中盤、D-FIXは毒霧、チェーン裏拳などを繰り出すが、伊東レフェリーは全てチェックし、フォールを認めず。それでも大向のSウィザード→KAORUの619→尾崎のSヤクザを文子に3連発で叩き込み、トドメのSヤクザを狙うが、文子はこれをキャッチすると、APクロス。
しかし、カットした大向がレフェリーの隙を突いてチェーンアッパーを叩き込み、すぐさま尾崎がSヤクザを打ち込んで文子からカウント3。
アジャ、飛鳥が文子を気遣う中、D-FIXは退散。お姉二人に挟まれ、やや大人しめだった大向の今後は?

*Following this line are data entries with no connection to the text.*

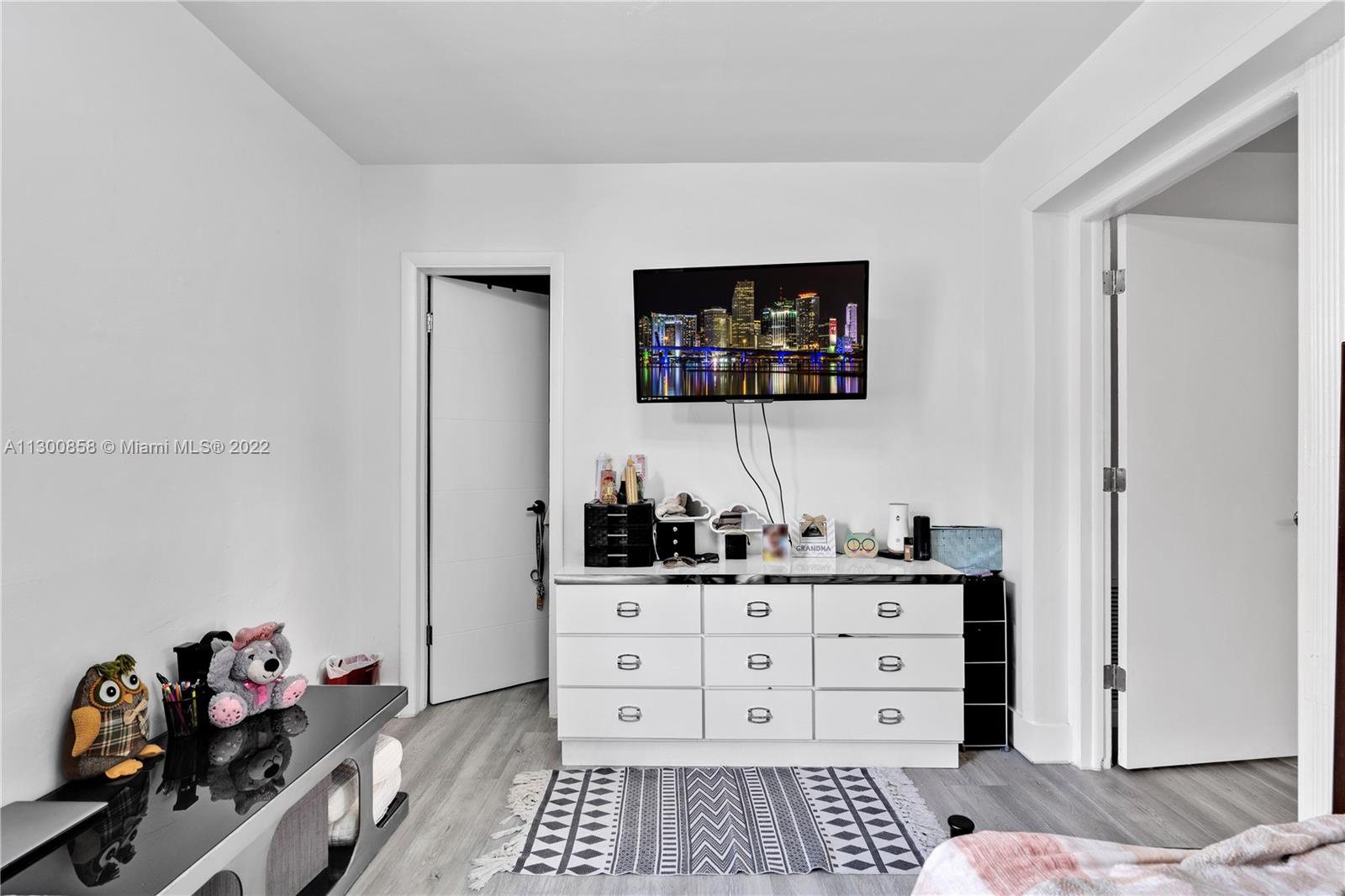 See details / 2612 sq. ft. $ 2022-11-09 0 Photo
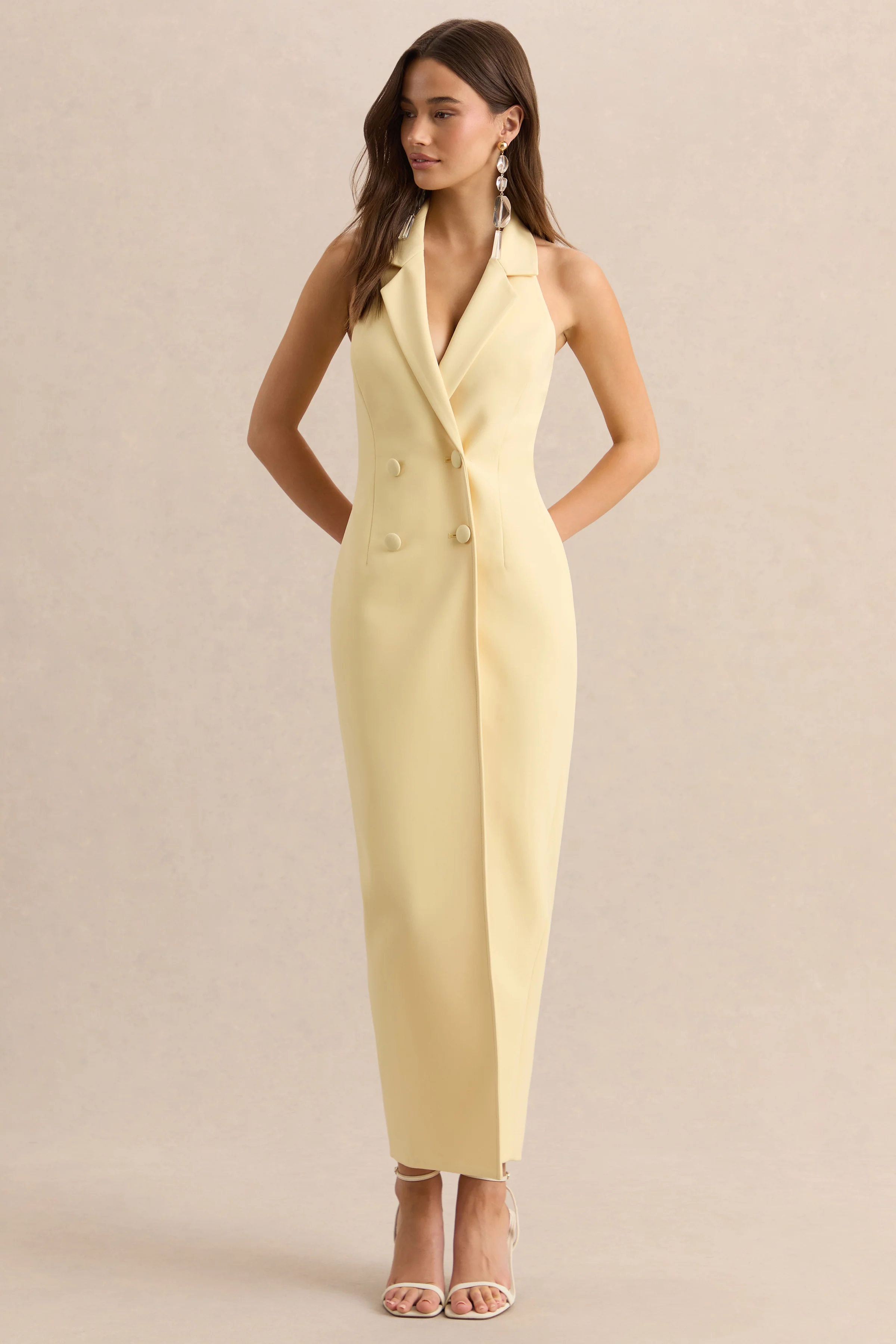 Hana | Robe longue citron ajustée à décolleté plongeant - Image 4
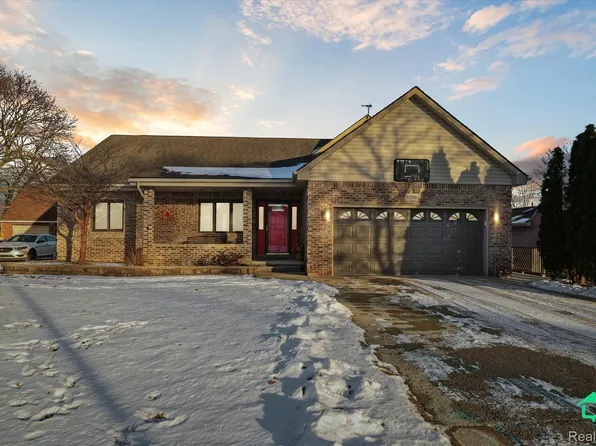 2959 Lafayette Dr, Trenton, MI 48183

また、この試合を最後に12月大会を欠場するKAORUは、別段、いつもと変わらない動きを見せていたが…。
第2試合 シングルマッチ30分1本勝負
デビル雅美 お船(K-DOJO)×
(4分33秒、パワーボム→エビ固め)
ゴングと同時にデビルはいきなりパワーボム。お船は何とかカウント2で返す。
逆水平合戦はお船の連打にデビルが重い一発で対抗し、圧勝。お船はフロントネックロック、カッター、お船DEピョンなどを繰り出すが、力の差はいかんともし難し。ラリアットはクリアしたものの、パワーボムであっさりフォール負け。
試合後、デビルは「お船選手、試合を受けて頂いてありがとうございました」と一礼した後、含蓄のあるマイク。「プロとして一人前になった時には、またお相手させて頂きます」と締めて、深々と頭を下げるお船の手を取り、笑顔でその手を挙げてから退場。
第3試合 タッグマッチ30分1本勝負
輝優優 長与千種
植松寿絵 山田敏代
×輝優優(10分29秒、反則勝ち)山田敏代○
植松は名古屋同様、長与のヒザ狙い。輝も同調し、集中攻撃。輝は場外戦の最中、無造作に椅子で長与のヒザを打ち抜くなど、むしろ植松よりエグい攻めを見せる。
反撃の長与は「こうやるんだ」とばかりに椅子の上にニークラッシャー。更に植松、輝に続けざまにドラゴンスクリュー。
しかし、植松組は再び長与のヒザに集中砲火。植松がレフェリーの死角を突いて指にカイザーナックルを装着。パンチでニーブレスを打ち抜くと、長与は戦闘不能に。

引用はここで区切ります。